C’è anche chi ipotizza, difatti, che Sony abbia deciso di risarcire il danno dell’utente proprio per non dare ulteriore visibilità al fatto ed evitare una epidemia di class action non solo in Europa ma anche negli Usa e in Giappone. Soltanto in Austria, secondo quanto riferito dalla stampa locale, diverse centinaia di altri potenziali querelanti con casi simili si sarebbero già fatti avanti.

Inoltre, alcuni Paesi dell’Ue hanno già approntato divieti nelle proprie legislazioni mentre recentemente il Parlamento Ue ha invitato la Commissione “ad analizzare il modo in cui vengono vendute le lootbox e ad adottare le misure necessarie per realizzare un approccio europeo comune, al fine di garantire la protezione dei consumatori.”

Gli eurodeputati in particolare hanno messo in guardia sulla pratica della “coltivazione dell’oro (dall’inglese gold farming ovvero la pratica che consiste nell’acquisire valuta di gioco, per venderla in cambio denaro reale).
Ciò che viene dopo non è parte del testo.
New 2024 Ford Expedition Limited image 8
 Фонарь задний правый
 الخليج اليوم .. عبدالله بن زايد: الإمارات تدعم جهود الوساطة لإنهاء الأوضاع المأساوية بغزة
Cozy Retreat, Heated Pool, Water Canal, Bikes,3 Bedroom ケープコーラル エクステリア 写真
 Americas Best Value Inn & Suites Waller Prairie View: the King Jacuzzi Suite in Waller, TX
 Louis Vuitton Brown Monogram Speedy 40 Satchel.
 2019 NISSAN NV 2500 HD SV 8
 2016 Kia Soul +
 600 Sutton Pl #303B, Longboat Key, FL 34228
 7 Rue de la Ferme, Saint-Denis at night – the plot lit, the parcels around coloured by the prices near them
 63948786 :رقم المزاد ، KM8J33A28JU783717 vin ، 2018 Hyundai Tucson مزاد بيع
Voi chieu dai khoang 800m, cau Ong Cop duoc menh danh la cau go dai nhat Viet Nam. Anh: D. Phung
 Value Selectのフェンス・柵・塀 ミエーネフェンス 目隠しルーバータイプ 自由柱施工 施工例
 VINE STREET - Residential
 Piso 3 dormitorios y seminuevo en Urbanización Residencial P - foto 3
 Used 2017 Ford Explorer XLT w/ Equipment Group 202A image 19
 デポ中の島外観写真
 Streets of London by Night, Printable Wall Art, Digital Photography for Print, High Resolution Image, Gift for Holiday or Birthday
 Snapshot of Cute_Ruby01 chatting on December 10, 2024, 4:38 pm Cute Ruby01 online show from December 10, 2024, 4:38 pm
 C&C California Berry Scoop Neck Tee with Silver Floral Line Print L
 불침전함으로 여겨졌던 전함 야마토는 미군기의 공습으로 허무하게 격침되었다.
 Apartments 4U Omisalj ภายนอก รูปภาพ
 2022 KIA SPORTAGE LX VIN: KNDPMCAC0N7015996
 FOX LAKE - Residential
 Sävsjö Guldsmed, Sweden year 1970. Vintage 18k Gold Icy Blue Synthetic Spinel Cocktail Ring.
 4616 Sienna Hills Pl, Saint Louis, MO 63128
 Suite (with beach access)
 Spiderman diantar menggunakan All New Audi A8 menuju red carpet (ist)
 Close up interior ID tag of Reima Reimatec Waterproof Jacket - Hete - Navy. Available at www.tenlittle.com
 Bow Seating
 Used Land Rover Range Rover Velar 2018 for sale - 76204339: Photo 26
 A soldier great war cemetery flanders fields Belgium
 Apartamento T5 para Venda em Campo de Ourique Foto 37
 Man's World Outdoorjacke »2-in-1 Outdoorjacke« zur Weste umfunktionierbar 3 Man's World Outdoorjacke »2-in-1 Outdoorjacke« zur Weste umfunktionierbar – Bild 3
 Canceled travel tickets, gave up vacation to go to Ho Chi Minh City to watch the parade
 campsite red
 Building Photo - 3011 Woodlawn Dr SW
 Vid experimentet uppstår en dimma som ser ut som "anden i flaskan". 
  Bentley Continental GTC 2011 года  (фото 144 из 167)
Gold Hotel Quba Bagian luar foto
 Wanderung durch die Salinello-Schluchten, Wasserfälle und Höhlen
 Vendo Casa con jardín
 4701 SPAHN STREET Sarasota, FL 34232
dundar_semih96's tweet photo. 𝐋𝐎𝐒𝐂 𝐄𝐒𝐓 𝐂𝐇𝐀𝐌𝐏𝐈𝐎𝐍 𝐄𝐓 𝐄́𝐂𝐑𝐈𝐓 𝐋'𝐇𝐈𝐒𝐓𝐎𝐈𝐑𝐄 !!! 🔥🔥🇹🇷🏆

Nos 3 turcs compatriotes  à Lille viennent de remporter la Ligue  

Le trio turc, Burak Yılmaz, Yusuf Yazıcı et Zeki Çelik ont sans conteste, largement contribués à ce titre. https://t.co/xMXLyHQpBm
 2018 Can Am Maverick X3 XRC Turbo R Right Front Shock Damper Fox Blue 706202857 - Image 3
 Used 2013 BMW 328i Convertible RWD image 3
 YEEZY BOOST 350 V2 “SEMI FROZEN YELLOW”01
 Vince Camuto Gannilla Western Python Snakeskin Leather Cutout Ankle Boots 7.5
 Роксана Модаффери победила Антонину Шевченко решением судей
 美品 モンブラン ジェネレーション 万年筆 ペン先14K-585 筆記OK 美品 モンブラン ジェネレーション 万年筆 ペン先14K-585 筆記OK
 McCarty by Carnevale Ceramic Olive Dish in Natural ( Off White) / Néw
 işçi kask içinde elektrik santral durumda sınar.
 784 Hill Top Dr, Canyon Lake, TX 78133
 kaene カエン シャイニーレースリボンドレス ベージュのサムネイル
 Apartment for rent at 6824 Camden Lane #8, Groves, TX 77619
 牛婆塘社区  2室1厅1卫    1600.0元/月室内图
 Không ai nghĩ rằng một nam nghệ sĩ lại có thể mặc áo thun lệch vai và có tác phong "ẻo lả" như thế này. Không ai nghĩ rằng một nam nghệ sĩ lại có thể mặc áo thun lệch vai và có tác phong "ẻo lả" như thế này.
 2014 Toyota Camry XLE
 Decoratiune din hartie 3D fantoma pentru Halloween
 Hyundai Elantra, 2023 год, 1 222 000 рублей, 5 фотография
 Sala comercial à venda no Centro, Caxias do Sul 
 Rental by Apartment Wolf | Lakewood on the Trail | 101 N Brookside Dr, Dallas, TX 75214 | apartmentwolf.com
Allo stesso modo gli oggetti ottenuti nei giochi, così come profili utente completi possono essere scambiati, venduti o scommessi con valute reali, in contrasto con i termini e le condizioni applicati dagli editori di videogiochi.”

“Queste pratiche – ammoniscono gli europarlamentari – possono essere utilizzate nei paesi in via di sviluppo come veicolo per il riciclaggio di denaro, il lavoro forzato e lo sfruttamento minorile. Per questo motivo il Parlamento ha invitato le autorità nazionali a porvi fine”.